From the top of the records below, return each line exactly, ending with the line that contains "En Cuir noir".

[Brief descriptive captions]
'''

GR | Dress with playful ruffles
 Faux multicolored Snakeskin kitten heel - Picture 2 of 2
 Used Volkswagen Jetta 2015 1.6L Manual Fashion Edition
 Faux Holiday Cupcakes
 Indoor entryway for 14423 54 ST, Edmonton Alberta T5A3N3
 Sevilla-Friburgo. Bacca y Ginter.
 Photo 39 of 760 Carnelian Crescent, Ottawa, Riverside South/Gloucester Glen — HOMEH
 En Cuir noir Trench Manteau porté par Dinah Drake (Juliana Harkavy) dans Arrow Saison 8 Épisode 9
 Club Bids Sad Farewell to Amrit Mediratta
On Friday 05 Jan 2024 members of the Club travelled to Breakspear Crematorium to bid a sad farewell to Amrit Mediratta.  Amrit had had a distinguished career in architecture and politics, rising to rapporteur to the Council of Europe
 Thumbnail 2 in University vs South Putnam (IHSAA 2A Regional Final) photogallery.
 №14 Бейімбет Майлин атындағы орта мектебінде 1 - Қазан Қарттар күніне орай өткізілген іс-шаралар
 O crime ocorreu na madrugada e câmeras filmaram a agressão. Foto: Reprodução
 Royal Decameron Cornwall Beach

'''

Response to the exercise
GR | Dress with playful ruffles
 Faux multicolored Snakeskin kitten heel - Picture 2 of 2
 Used Volkswagen Jetta 2015 1.6L Manual Fashion Edition
 Faux Holiday Cupcakes
 Indoor entryway for 14423 54 ST, Edmonton Alberta T5A3N3
 Sevilla-Friburgo. Bacca y Ginter.
 Photo 39 of 760 Carnelian Crescent, Ottawa, Riverside South/Gloucester Glen — HOMEH
 En Cuir noir Trench Manteau porté par Dinah Drake (Juliana Harkavy) dans Arrow Saison 8 Épisode 9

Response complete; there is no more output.